Türkiye İstatistik Kurumunun (TÜİK) paylaştığı verilere göre, ülkenin doğurganlık hızı 2024'te 1,48 seviyesine düşerek nüfusun kendini yenileme eşiği olan 2,1 seviyesinin altında kaldı. Yaşlı nüfus oranı yüzde 10,6'ya ulaştı.
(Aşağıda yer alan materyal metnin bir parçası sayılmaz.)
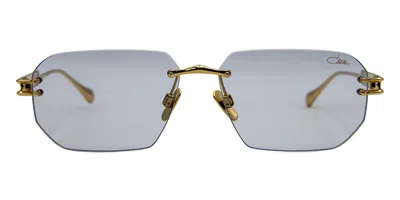 Cazal 7121/3 002 Men's Sunglasses Gold Size 57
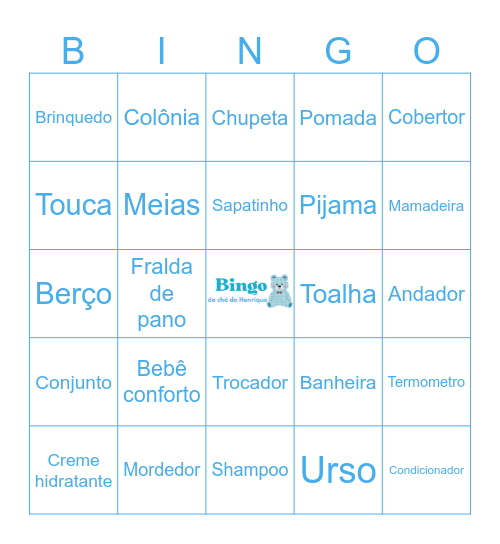CHÁ DO HENRIQUE Bingo Card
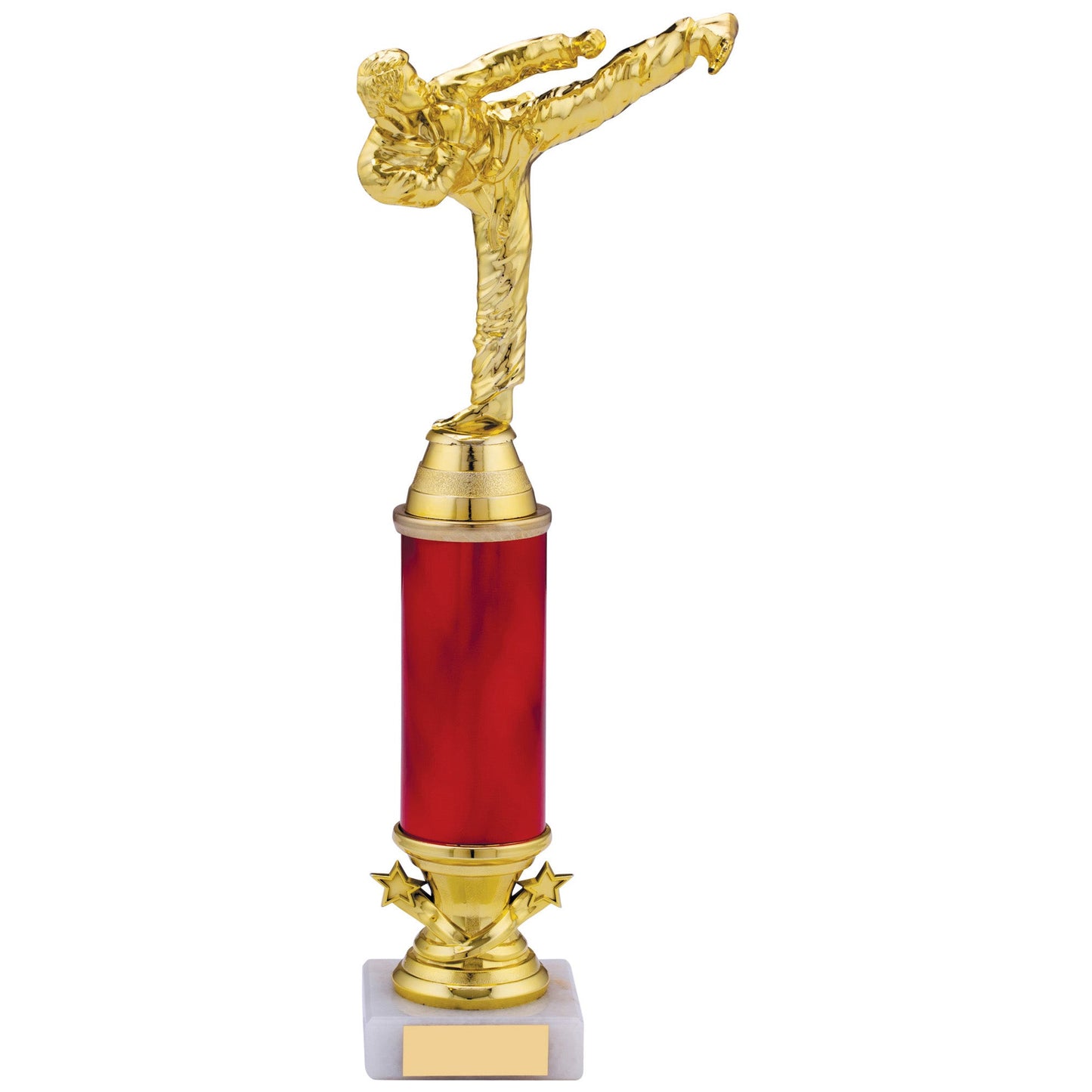 11.5" GOLD RED KARATE TROPHY 29cm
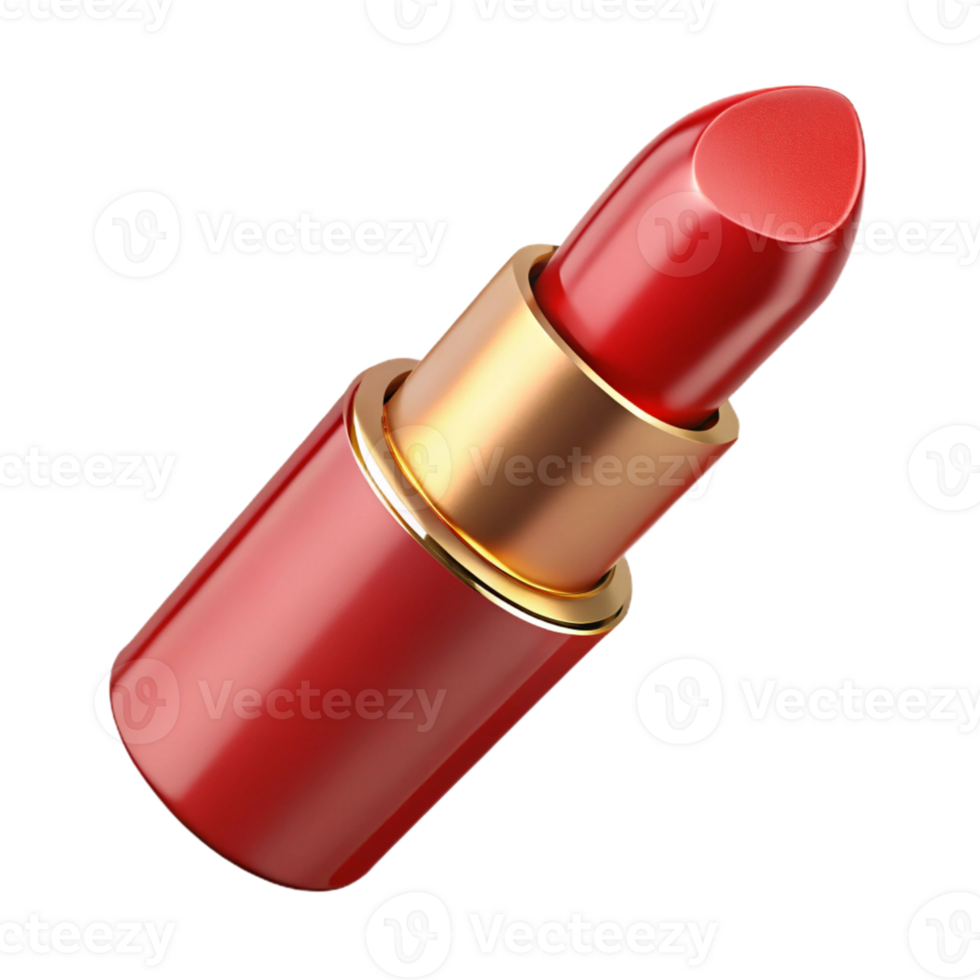 Red Lipstick with Gold Accents png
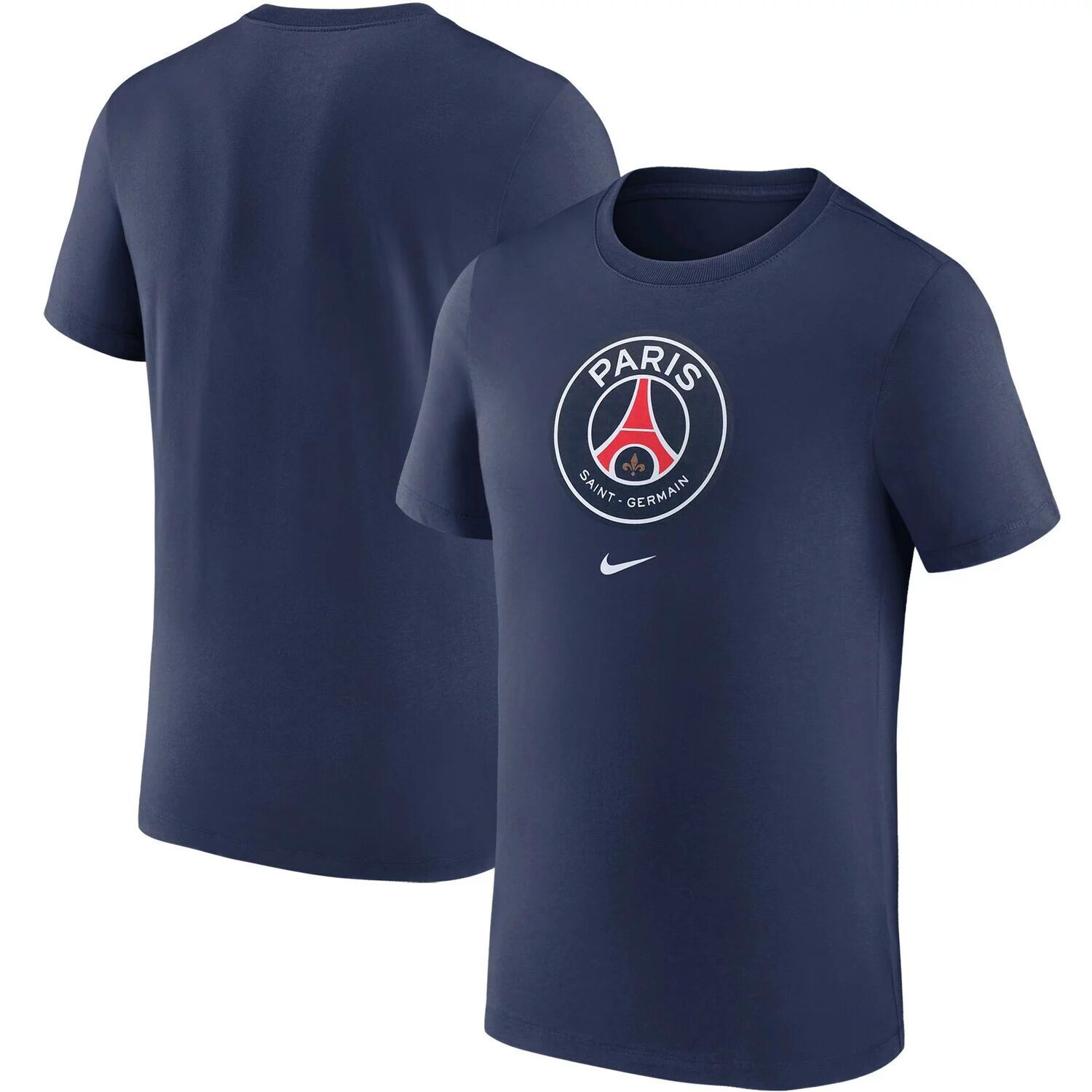 

Мужская синяя футболка Nike Paris Saint-Germain Crest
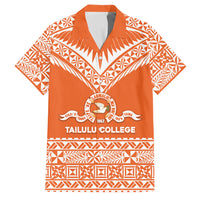 Personalised Tonga Tailulu College Family Matching Short Sleeve Bodycon Dress and Hawaiian Shirt Tongan Kupesi Pattern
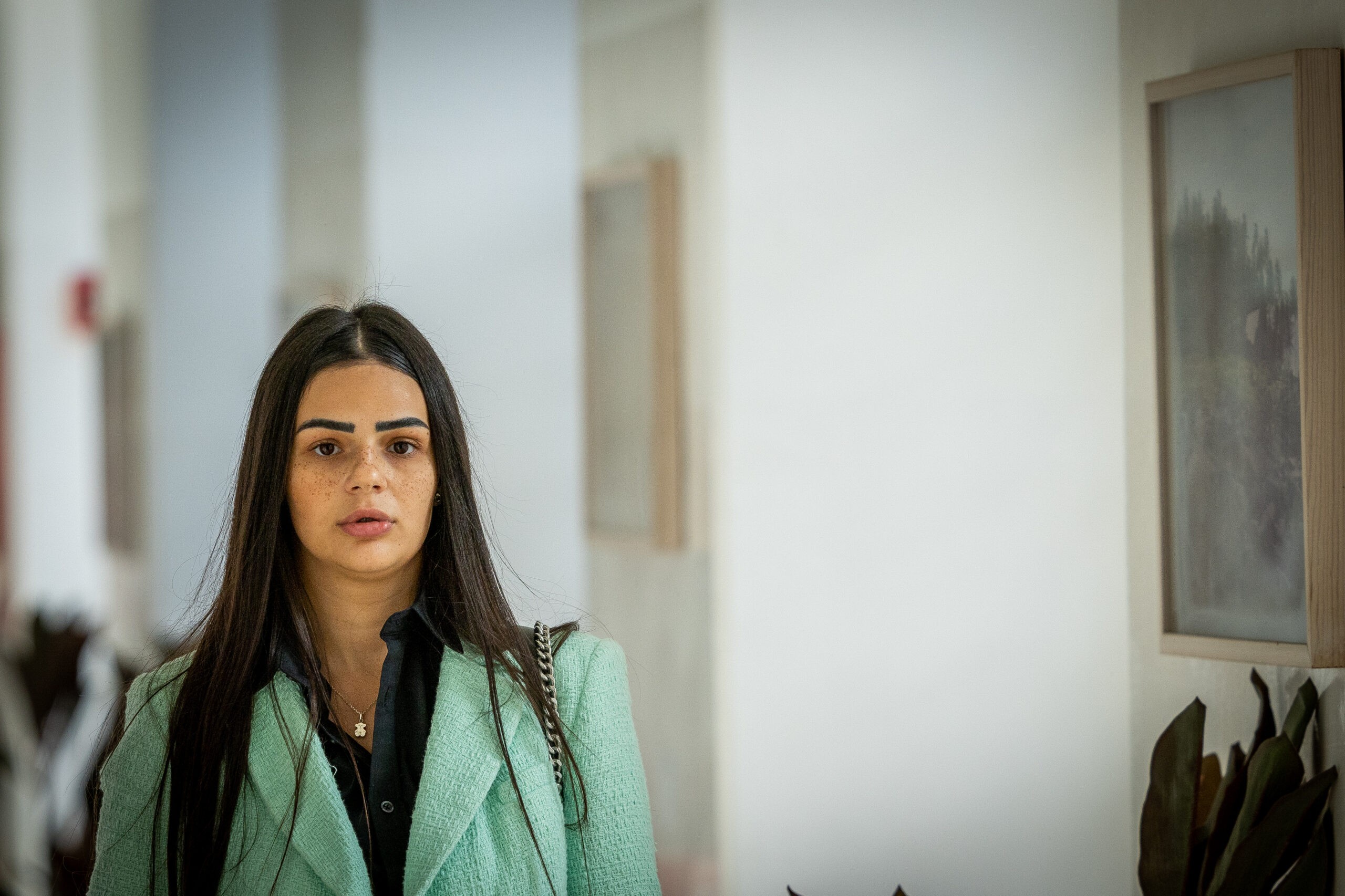 אוריאן בן כליפא בבית המשפט | צילום: יונתן זינדל פלאש 90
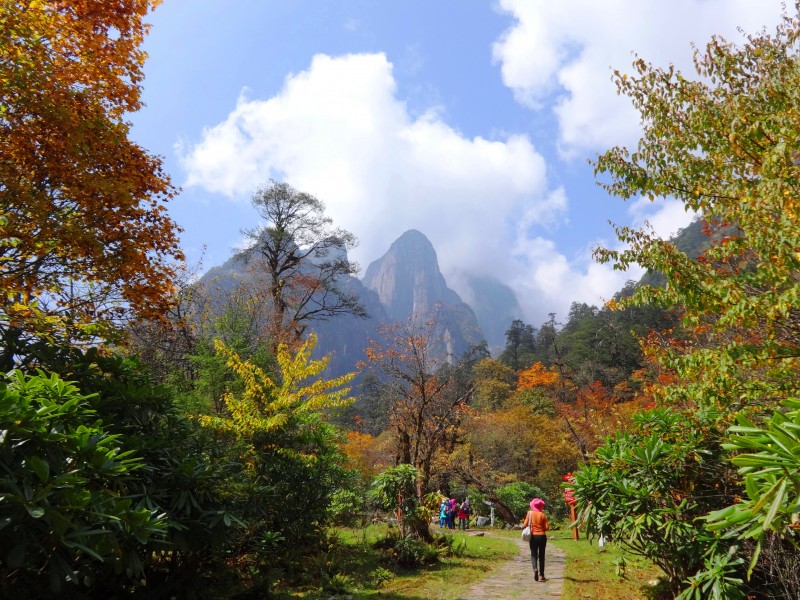 四川燕子沟风景图片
YILLARA GÖRE YAŞLANMA HIZI
Her 10 kişiden birinin 65 yaş üzerinde olduğu ve Birleşmiş Milletler kriterlerine göre ‘çok yaşlı nüfuslu ülke’ sayılan Türkiye'de yapılan nüfus projeksiyonları, 2050'de her 4 kişiden birinin, 2075'te her 3 kişiden birinin, 2100'de ise her 10 kişiden 4'ünün 65 yaş üzerinde olacağını gösteriyor.
Konuyla ilgili olarak Hacettepe Üniversitesi Nüfus Etütleri Enstitüsü Öğretim Üyesi Prof. Dr. Mehmet Ali Eryurt, 11 Temmuz Dünya Nüfus Günü kapsamında Türkiye'nin nüfus perspektifine ilişkin açıklamalarda bulundu.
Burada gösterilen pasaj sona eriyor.